The Facial Action Coding System (FACS)
Developed by Dr Paul Ekman and Dr Wallace Friesen in 1978, the Facial Action Coding System provides a comprehensive taxonomy of all anatomically distinct facial muscle actions. FACS identifies 44 discrete Action Units (AUs) that combine to form every possible human facial expression.
FACS is the foundational framework for emotion analysis in clinical psychology, lie detection research, human-computer interaction design, and — most relevantly — AI-powered emotion recognition systems.
How EchoDepth Maps AUs to Emotion
EchoDepth analyses all 44 FACS Action Units from each video frame, computing activation intensity for each AU. These activation values are then processed through a classification model that maps AU combination patterns to discrete emotional states.
Key AU-to-emotion mappings relevant to event analytics:
| Action Unit(s) | Muscle / Movement | Signal Interpretation |
|---|---|---|
| AU1 + AU2 | Inner/outer brow raise | Surprise, interest, engagement |
| AU4 | Brow lowerer (corrugator) | Confusion, concern, concentration |
| AU6 + AU12 | Cheek raise + lip corner pull | Genuine (Duchenne) smile — delight |
| AU12 only | Lip corner pull | Social smile — potentially performative |
| AU14 | Dimpler (unilateral lip) | Scepticism, uncertainty |
| AU17 | Chin raiser | Doubt, discomfort |
| AU23 + AU24 | Lip tightener / pressor | Suppressed emotion, withholding |
| AU27 | Mouth stretch / jaw drop | Surprise — genuine reaction |
| Low activity | Reduced AU engagement | Disengagement, low interest |
VAD Modelling — Valence, Arousal, Dominance
Beyond discrete emotion classification, EchoDepth also models emotional states in the VAD (Valence, Arousal, Dominance) dimensional space.
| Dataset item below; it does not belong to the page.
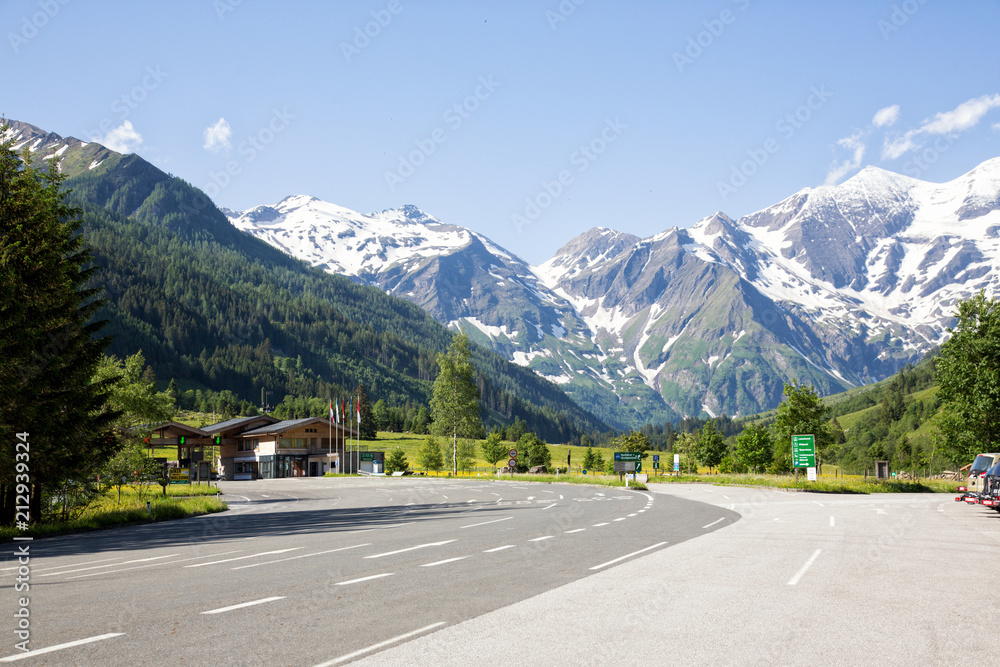 Entrance to the wildpark at the Grossglockner High Alpine Road in Ferleiten, Austria. Shot against a blue sky.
This provides a richer picture of emotional experience:
- Valence — how positive or negative the emotional experience is (−1 to +1)
- Arousal — the intensity or energy level of the emotion (0 to 1)
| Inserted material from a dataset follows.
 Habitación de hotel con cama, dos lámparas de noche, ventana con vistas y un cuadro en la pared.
- Dominance — the degree of control or agency the person feels (0 to 1)
In event analytics, VAD modelling adds nuance: a high-arousal, high-valence response (excited engagement) is very different from a high-arousal, low-valence response (anxiety or confusion-triggered stress).
Confidence, Instability, and Net Confidence
EchoDepth Events produces three primary derived signals for event analytics:
- Confidence Score: A composite measure of positive emotional engagement signals — combining engagement, delight, and interest AU patterns with high valence VAD scores.
- Instability Score: A measure of ambivalence, conflicting signals, and confusion — elevated when confusion AUs (AU4), scepticism AUs (AU14), and low valence signals co-occur.
- Net Confidence: Confidence minus Instability, normalised to a −1 to +1 scale. The headline signal for overall visitor emotional disposition in any zone.
Live VAD (Valence, Arousal, Dominance) signal output from the EchoDepth platform during a real session
Real-Time Processing Architecture
EchoDepth Events processes video feeds on an edge processing unit deployed at the event venue. This edge architecture is fundamental to the privacy guarantee:
- Video frames are processed locally — never transmitted over a network
- AU extraction occurs in under 50ms per frame
- Derived signal scores are the only data that leaves the edge device
- Typical end-to-end latency from capture to dashboard display: <3 seconds
Emotional trajectory output — Confidence, Composure, Enthusiasm and Clarity tracked second by second
Accuracy and Validation
EchoDepth's FACS engine has been developed and validated against the standard academic FACS corpora and internal event deployment datasets. AU detection accuracy is highest in standard event lighting conditions (direct or diffuse artificial lighting) and standard frontal-to-near-frontal camera angles.
The platform is designed for population-level insight — aggregate zone and temporal analytics — rather than individual psychological profiling. This population-level focus is both the source of its business value and its privacy-compatible design.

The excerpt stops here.